_PROBLEM TO SOLVE_
Every line of the records below from the line with "K&N Oil Filter Black Harley Davidson KN-171B" up to and including the line with "Assassino do Deserto" must be reproduced exactly, and no line outside that range.

[Collection entries]
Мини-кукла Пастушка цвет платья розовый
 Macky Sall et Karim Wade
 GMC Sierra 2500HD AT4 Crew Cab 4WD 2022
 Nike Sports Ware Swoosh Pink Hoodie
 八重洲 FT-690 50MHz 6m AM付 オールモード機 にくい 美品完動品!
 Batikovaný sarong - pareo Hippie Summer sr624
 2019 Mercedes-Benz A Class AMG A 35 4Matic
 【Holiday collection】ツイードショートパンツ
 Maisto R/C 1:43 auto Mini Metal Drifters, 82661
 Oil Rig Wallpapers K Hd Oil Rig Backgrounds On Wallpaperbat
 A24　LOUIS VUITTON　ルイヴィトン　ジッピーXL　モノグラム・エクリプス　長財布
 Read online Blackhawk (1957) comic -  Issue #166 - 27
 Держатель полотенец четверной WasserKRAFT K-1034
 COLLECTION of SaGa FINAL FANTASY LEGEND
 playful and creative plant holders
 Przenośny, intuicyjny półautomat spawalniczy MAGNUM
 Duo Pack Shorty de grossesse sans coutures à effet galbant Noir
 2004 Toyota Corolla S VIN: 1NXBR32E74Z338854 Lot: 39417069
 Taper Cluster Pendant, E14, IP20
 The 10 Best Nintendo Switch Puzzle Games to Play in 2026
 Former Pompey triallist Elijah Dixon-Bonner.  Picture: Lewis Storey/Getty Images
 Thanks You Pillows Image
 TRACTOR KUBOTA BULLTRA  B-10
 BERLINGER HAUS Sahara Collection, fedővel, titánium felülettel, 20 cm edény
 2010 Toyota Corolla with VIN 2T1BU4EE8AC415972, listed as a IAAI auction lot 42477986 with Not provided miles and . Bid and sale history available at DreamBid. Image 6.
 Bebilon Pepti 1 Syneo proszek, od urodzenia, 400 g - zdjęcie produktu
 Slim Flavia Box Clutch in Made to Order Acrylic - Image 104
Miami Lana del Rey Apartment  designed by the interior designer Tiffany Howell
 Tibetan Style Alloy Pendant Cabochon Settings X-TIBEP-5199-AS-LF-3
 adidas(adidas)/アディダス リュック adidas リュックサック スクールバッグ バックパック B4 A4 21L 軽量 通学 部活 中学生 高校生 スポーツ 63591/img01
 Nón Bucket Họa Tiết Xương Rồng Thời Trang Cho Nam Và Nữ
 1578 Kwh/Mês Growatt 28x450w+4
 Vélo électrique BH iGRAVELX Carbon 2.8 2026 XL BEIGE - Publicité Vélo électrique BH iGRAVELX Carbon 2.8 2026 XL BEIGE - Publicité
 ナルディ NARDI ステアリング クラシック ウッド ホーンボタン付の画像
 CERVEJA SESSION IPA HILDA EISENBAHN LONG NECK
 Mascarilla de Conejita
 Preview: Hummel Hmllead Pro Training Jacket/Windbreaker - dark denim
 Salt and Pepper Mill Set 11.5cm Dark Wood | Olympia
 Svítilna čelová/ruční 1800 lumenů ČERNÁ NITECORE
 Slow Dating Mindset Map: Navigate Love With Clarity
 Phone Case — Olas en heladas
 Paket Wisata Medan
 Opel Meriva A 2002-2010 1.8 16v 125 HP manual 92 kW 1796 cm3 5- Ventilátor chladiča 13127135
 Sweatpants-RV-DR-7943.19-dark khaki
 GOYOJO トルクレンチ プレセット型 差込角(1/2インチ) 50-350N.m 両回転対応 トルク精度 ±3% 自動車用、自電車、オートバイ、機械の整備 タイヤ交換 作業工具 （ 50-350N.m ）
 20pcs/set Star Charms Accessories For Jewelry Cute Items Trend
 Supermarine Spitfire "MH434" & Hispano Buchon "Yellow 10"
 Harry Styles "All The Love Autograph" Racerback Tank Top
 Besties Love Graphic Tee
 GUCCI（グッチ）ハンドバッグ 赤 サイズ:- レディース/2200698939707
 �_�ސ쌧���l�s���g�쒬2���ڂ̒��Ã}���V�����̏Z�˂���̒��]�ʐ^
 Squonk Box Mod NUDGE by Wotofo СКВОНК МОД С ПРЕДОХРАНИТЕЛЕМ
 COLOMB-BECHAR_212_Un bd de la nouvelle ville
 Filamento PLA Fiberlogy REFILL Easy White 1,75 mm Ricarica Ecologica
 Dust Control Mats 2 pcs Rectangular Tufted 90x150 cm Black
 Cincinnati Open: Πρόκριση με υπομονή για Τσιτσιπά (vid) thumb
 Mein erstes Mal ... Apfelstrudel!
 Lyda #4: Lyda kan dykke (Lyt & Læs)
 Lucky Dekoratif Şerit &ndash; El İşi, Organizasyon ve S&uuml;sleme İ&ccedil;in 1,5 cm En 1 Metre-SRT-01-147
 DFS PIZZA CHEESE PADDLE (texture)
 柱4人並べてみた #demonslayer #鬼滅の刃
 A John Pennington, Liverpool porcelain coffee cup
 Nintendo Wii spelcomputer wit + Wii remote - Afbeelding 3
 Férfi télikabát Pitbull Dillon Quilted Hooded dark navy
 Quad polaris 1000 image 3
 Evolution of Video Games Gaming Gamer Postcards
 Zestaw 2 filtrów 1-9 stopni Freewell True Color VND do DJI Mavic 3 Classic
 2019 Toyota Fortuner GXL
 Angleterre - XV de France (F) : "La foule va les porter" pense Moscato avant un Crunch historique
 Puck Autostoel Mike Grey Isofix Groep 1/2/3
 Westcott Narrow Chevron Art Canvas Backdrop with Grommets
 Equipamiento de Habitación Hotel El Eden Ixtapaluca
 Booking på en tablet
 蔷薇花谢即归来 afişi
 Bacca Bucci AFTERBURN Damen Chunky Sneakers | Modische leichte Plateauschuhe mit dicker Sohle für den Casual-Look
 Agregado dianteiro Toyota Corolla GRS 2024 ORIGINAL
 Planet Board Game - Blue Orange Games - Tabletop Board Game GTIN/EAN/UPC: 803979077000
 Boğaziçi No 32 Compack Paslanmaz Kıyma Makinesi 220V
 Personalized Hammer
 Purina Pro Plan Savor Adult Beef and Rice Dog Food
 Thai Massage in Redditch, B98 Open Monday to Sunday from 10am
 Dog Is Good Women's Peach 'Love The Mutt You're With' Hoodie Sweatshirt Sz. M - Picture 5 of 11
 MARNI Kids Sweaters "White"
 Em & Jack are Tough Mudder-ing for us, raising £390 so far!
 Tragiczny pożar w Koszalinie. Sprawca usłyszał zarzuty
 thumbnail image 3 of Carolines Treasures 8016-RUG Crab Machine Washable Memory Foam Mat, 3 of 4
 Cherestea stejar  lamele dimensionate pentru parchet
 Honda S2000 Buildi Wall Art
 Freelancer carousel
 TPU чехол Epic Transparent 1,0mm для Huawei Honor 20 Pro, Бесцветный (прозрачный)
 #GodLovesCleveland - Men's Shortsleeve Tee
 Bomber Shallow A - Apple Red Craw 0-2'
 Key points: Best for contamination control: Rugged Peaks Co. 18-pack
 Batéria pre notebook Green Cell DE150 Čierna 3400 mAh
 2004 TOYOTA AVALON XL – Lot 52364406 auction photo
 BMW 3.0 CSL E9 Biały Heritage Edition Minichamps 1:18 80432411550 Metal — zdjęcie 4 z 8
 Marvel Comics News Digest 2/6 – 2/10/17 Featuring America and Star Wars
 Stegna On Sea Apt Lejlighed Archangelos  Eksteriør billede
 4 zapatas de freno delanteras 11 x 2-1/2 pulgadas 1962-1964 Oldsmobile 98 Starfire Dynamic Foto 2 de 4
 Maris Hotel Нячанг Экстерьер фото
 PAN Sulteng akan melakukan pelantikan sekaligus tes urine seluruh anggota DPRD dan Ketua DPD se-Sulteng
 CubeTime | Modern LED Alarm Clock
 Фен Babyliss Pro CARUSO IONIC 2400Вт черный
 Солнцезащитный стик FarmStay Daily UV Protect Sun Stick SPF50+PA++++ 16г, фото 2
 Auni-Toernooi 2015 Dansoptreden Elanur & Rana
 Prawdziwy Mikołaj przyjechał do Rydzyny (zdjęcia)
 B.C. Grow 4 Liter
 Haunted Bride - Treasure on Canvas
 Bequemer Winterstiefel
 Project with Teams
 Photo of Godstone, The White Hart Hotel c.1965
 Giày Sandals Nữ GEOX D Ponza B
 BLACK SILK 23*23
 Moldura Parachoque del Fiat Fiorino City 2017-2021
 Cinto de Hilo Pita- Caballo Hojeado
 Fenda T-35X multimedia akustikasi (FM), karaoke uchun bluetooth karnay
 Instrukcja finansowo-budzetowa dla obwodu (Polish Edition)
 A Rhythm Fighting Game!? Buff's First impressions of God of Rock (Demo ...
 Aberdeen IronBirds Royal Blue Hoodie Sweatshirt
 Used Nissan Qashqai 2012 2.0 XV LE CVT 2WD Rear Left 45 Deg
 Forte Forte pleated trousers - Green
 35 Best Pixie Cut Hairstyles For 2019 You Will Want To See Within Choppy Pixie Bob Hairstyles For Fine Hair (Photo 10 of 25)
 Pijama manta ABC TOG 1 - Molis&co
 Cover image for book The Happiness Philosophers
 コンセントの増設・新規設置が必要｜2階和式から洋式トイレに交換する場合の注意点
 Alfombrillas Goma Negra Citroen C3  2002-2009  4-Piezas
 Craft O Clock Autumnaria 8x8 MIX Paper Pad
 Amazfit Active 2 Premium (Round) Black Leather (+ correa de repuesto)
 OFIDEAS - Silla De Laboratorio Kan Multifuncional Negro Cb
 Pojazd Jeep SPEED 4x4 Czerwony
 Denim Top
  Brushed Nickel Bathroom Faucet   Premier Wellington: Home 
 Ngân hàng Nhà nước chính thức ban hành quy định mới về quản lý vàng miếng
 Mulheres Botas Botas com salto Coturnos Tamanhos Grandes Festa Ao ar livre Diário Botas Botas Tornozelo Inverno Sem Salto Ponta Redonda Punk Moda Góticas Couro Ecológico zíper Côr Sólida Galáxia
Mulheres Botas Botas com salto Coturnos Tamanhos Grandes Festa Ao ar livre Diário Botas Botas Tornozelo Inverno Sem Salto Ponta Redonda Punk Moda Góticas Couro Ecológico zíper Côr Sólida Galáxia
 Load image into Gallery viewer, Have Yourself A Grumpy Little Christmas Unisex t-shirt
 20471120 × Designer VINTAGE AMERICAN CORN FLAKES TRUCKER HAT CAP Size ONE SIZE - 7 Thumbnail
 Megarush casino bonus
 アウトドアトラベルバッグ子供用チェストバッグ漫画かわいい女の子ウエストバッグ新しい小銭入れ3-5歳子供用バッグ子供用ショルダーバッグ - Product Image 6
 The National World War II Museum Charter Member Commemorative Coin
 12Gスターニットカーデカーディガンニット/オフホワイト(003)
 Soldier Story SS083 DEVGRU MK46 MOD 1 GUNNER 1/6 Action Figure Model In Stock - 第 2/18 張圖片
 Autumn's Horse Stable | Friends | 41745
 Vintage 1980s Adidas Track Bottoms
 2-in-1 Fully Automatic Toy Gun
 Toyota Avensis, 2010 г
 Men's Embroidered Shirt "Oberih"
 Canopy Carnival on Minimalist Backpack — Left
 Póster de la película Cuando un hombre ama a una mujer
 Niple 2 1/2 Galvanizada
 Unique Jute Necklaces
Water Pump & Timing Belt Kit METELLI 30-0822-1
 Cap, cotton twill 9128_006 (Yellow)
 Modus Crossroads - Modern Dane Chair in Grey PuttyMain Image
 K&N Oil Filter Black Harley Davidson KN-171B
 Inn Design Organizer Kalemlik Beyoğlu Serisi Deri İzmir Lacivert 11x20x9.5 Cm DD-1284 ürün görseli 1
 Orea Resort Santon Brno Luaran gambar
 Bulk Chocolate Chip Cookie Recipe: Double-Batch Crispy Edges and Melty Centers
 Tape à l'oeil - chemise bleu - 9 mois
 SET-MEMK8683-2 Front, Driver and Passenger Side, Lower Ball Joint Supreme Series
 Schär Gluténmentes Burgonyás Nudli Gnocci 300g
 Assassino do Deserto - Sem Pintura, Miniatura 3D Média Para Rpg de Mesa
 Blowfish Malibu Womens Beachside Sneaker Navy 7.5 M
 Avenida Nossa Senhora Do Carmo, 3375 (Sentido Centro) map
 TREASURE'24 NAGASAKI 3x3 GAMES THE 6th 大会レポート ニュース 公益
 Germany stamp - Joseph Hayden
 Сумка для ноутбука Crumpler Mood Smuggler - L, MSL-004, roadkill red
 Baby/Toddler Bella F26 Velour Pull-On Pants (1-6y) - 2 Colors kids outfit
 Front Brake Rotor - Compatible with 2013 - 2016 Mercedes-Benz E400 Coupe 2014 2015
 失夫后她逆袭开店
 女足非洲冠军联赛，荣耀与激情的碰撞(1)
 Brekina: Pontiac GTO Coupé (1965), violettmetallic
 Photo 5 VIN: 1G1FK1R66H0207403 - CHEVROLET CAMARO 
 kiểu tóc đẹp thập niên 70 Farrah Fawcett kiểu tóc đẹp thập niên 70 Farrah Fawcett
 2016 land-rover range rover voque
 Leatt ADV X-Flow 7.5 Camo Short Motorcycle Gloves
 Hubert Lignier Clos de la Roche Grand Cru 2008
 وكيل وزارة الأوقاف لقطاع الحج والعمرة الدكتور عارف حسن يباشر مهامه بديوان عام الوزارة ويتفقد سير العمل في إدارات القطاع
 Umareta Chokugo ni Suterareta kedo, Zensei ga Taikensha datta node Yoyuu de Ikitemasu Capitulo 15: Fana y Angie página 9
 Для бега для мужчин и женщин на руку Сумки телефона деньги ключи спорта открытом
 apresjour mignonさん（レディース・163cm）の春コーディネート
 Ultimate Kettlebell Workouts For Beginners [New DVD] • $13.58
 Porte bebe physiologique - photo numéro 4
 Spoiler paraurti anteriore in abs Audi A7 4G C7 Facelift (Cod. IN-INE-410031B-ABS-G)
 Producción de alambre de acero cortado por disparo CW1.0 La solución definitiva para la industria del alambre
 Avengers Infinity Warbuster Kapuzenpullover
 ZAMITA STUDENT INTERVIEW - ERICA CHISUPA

_COMPLETED EXERCISE_
 K&N Oil Filter Black Harley Davidson KN-171B
 Inn Design Organizer Kalemlik Beyoğlu Serisi Deri İzmir Lacivert 11x20x9.5 Cm DD-1284 ürün görseli 1
 Orea Resort Santon Brno Luaran gambar
 Bulk Chocolate Chip Cookie Recipe: Double-Batch Crispy Edges and Melty Centers
 Tape à l'oeil - chemise bleu - 9 mois
 SET-MEMK8683-2 Front, Driver and Passenger Side, Lower Ball Joint Supreme Series
 Schär Gluténmentes Burgonyás Nudli Gnocci 300g
 Assassino do Deserto - Sem Pintura, Miniatura 3D Média Para Rpg de Mesa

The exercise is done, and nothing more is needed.